### Exercise data
====

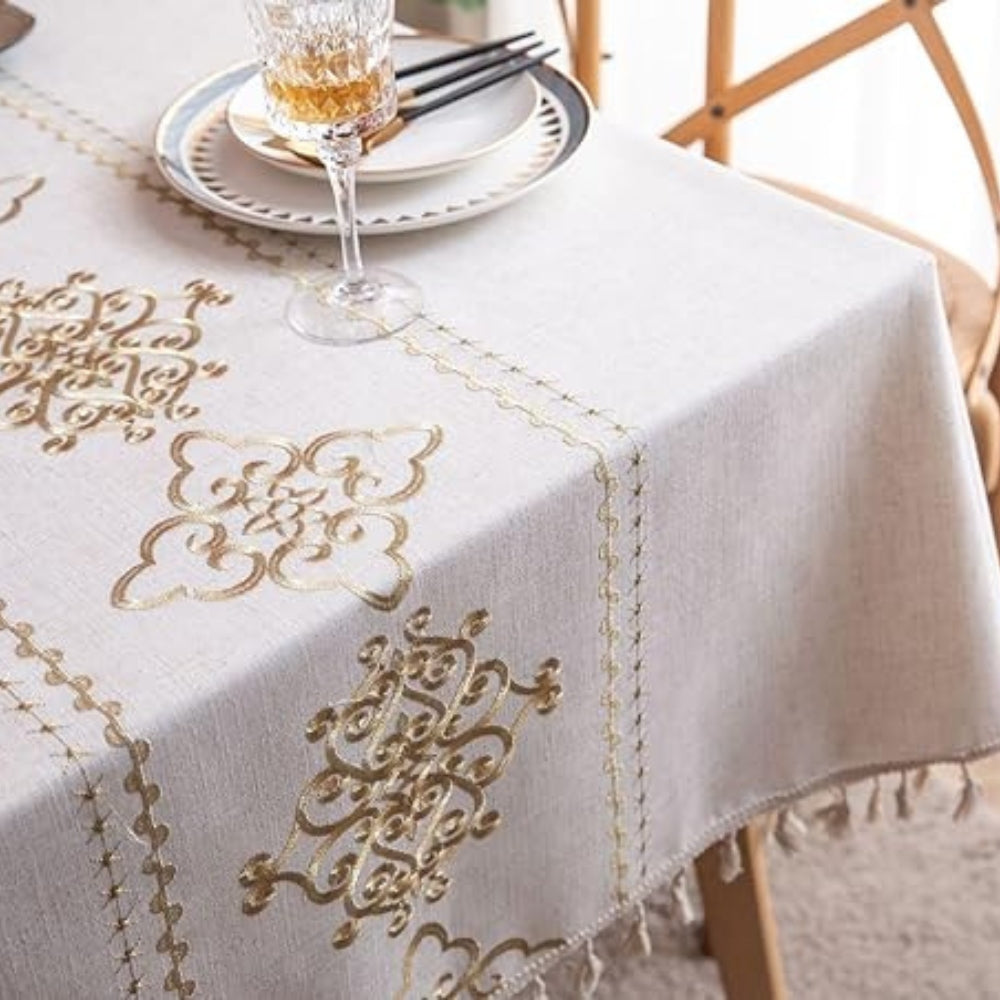 Sorella Luxe Embroidered Tablecloth — alternate angle view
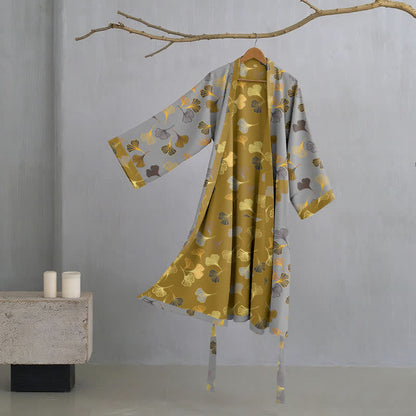 Peignoir kimono en gaze de coton « Ginkgo Biloba » - Gris clair - 2XL - image 1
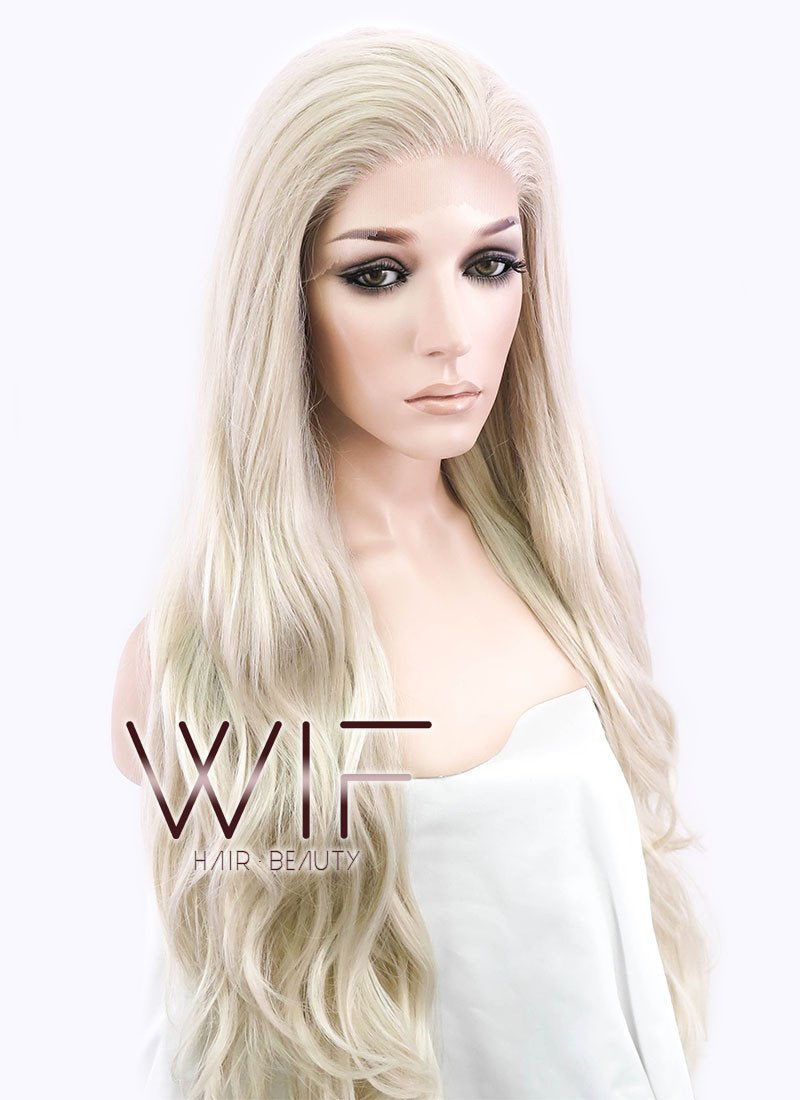 28" Long Curly Mixed Blonde Made-To-Order Lace Front Synthetic Hair Wig LF675B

====

### What the task requires
Nothing but the lines from the one with "Peignoir kimono en" through the last line of the material above should appear in the answer, each copied exactly, with no pictures.

### Response below
 Peignoir kimono en gaze de coton « Ginkgo Biloba » - Gris clair - 2XL - image 1
 28" Long Curly Mixed Blonde Made-To-Order Lace Front Synthetic Hair Wig LF675B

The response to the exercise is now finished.